● **Records supplied**
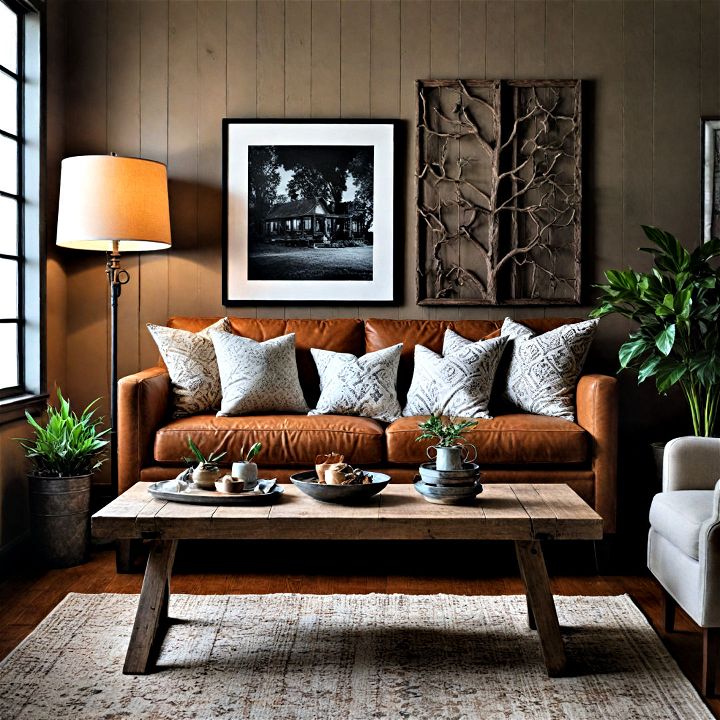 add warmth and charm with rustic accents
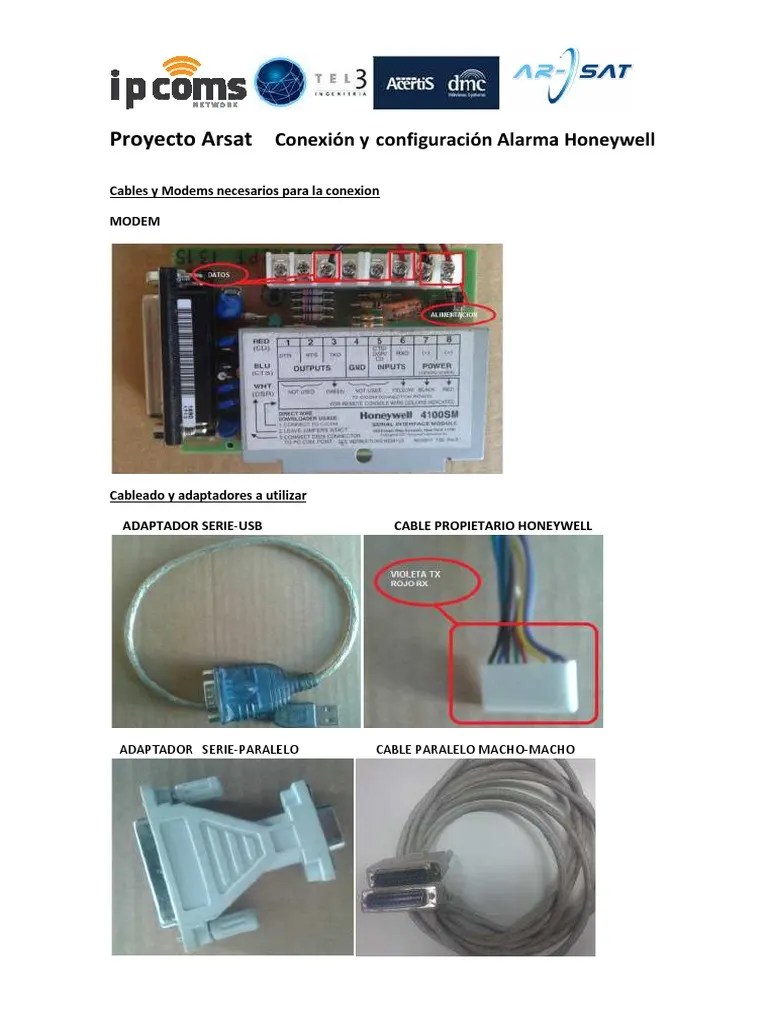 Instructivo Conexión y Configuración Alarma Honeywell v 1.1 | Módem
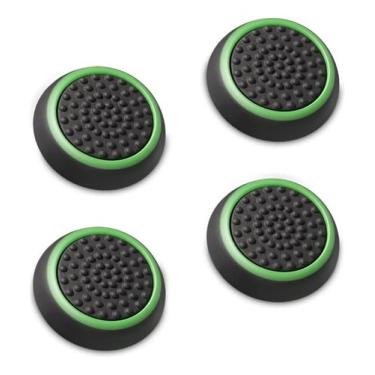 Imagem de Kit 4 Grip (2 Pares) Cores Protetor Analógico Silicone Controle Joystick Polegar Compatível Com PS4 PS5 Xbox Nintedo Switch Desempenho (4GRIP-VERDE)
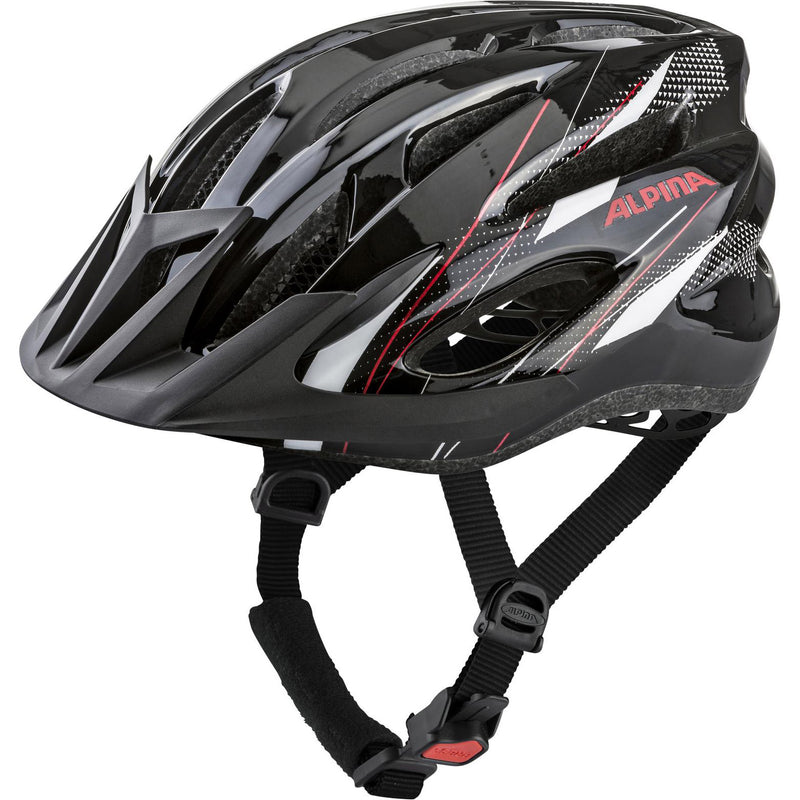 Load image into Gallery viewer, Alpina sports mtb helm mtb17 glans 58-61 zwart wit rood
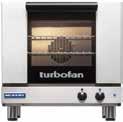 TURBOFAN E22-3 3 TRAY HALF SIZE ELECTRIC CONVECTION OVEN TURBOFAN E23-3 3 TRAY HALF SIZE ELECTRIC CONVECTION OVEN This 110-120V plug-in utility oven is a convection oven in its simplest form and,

--

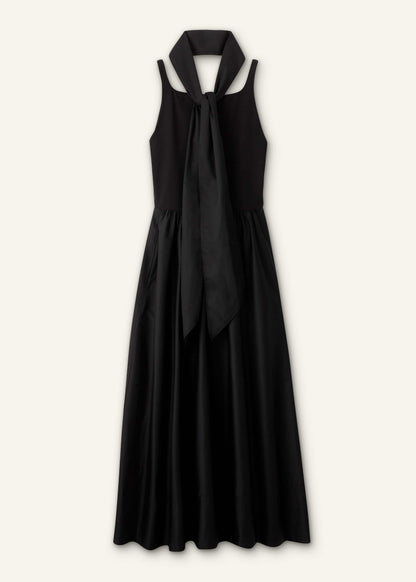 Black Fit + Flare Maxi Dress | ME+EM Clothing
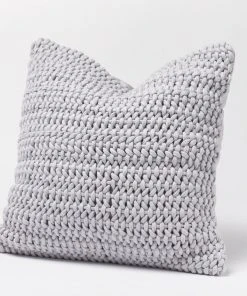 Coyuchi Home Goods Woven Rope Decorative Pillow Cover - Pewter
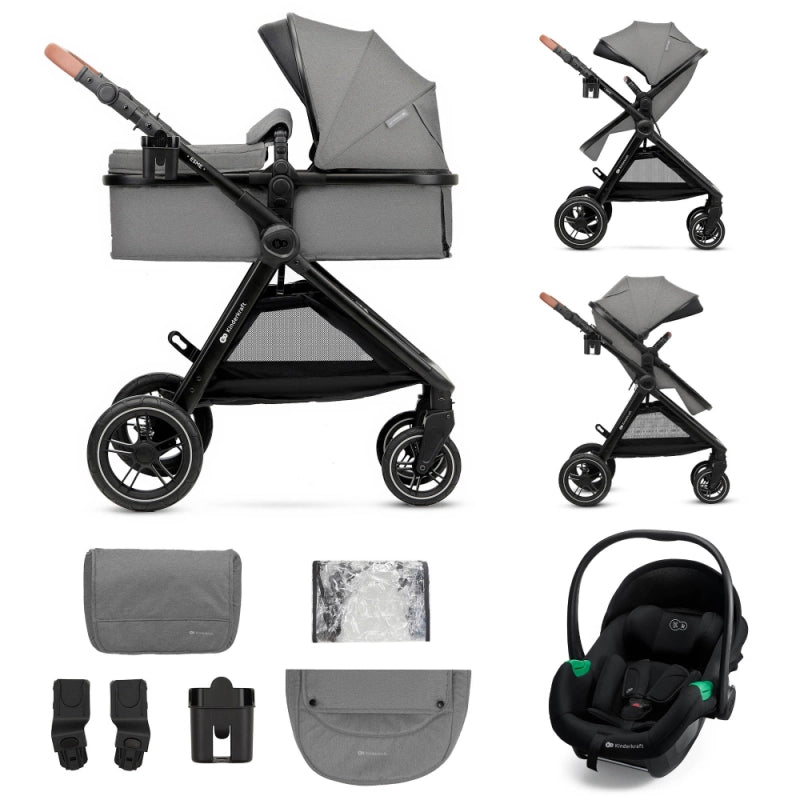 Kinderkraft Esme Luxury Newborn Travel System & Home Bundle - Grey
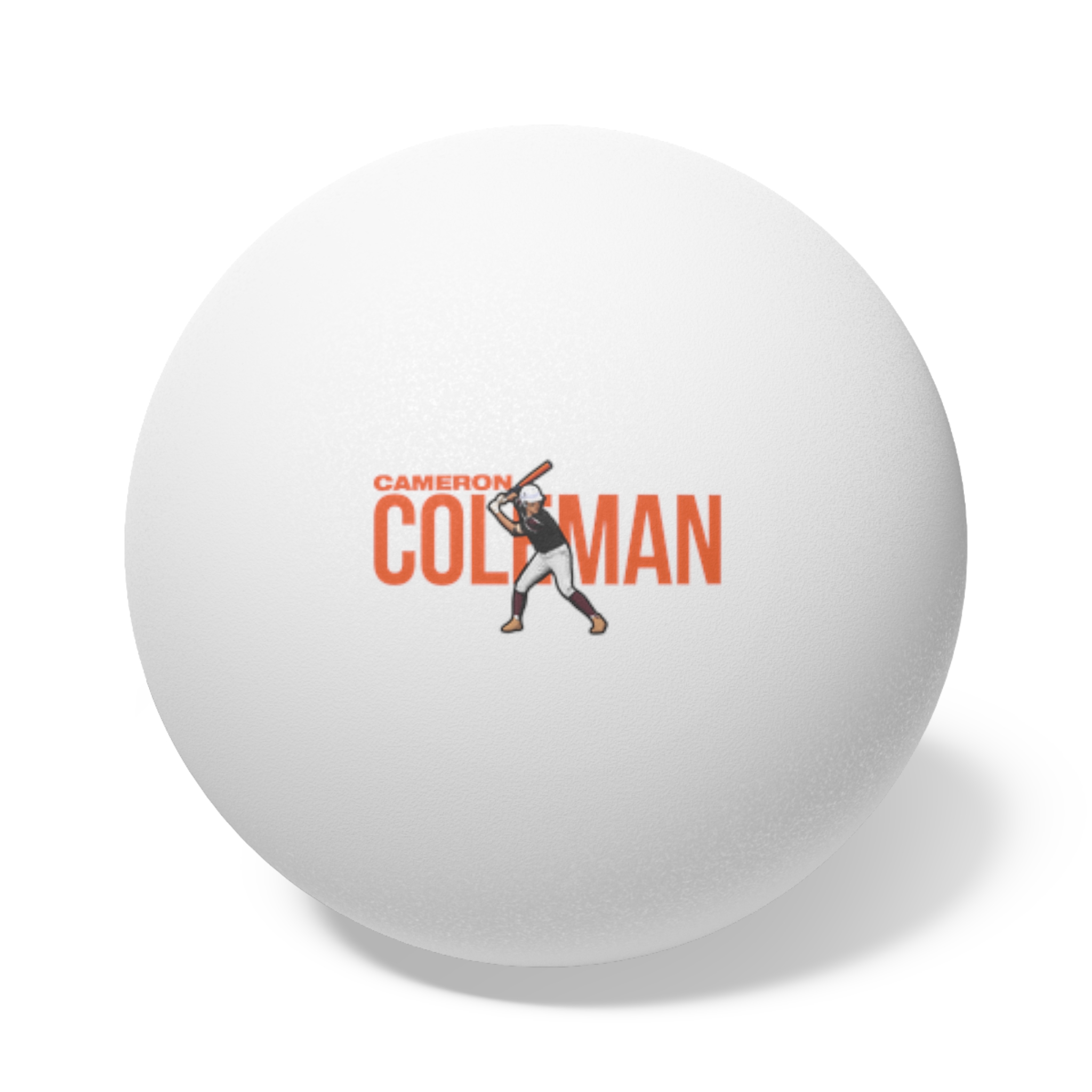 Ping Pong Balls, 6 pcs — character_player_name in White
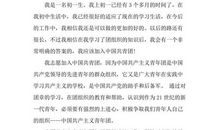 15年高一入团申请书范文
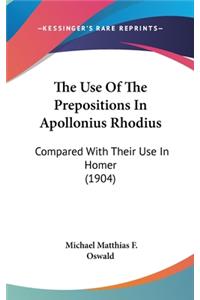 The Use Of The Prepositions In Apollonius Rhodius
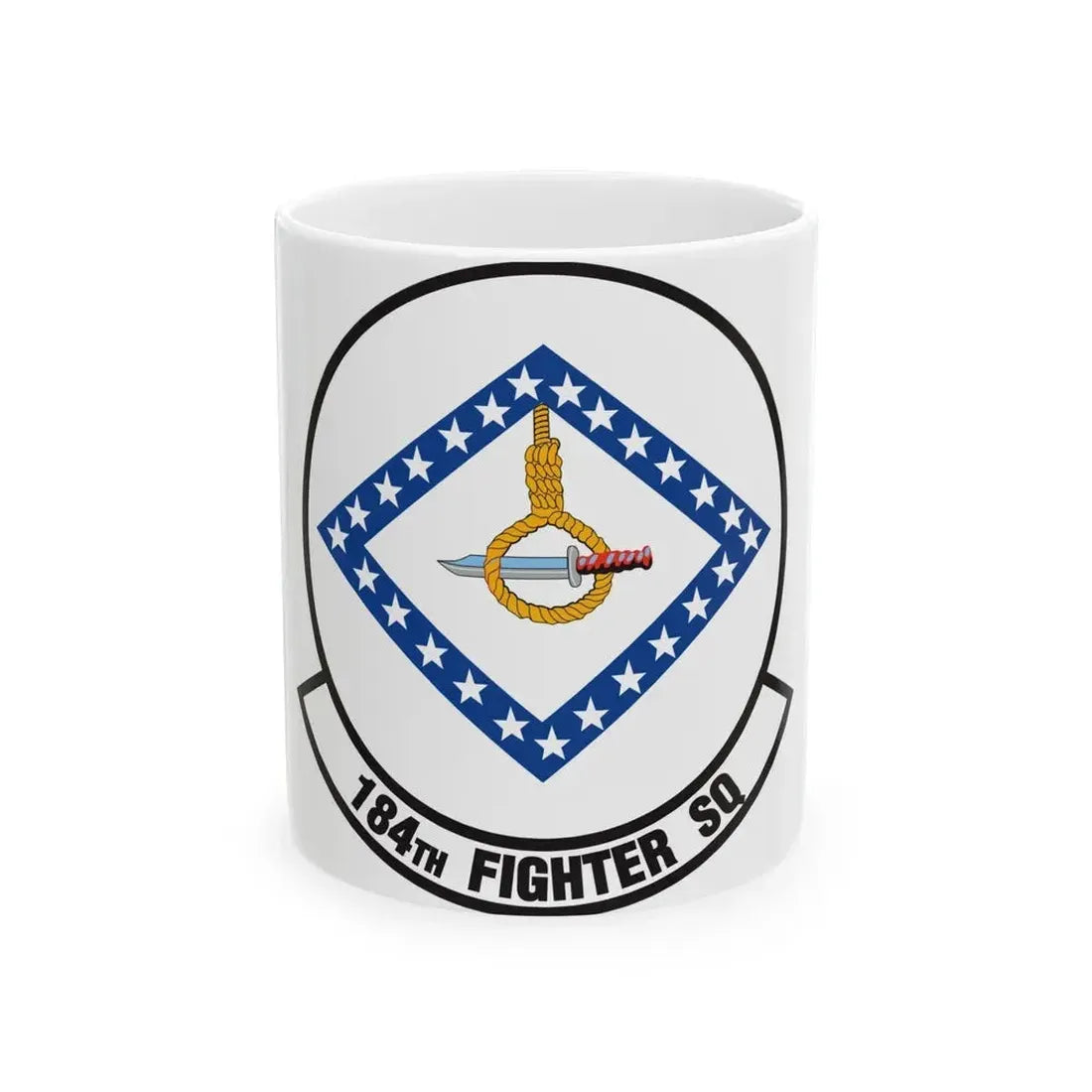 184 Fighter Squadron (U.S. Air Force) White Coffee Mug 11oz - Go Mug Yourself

● **Problem description**
Word for word, write out the lines above running from the one with "add warmth and charm with rustic accents" up to and including the one with "Imagem de Kit". Drop any picture.

● **Solution to this exercise**
 add warmth and charm with rustic accents
 Instructivo Conexión y Configuración Alarma Honeywell v 1.1 | Módem
 Imagem de Kit 4 Grip (2 Pares) Cores Protetor Analógico Silicone Controle Joystick Polegar Compatível Com PS4 PS5 Xbox Nintedo Switch Desempenho (4GRIP-VERDE)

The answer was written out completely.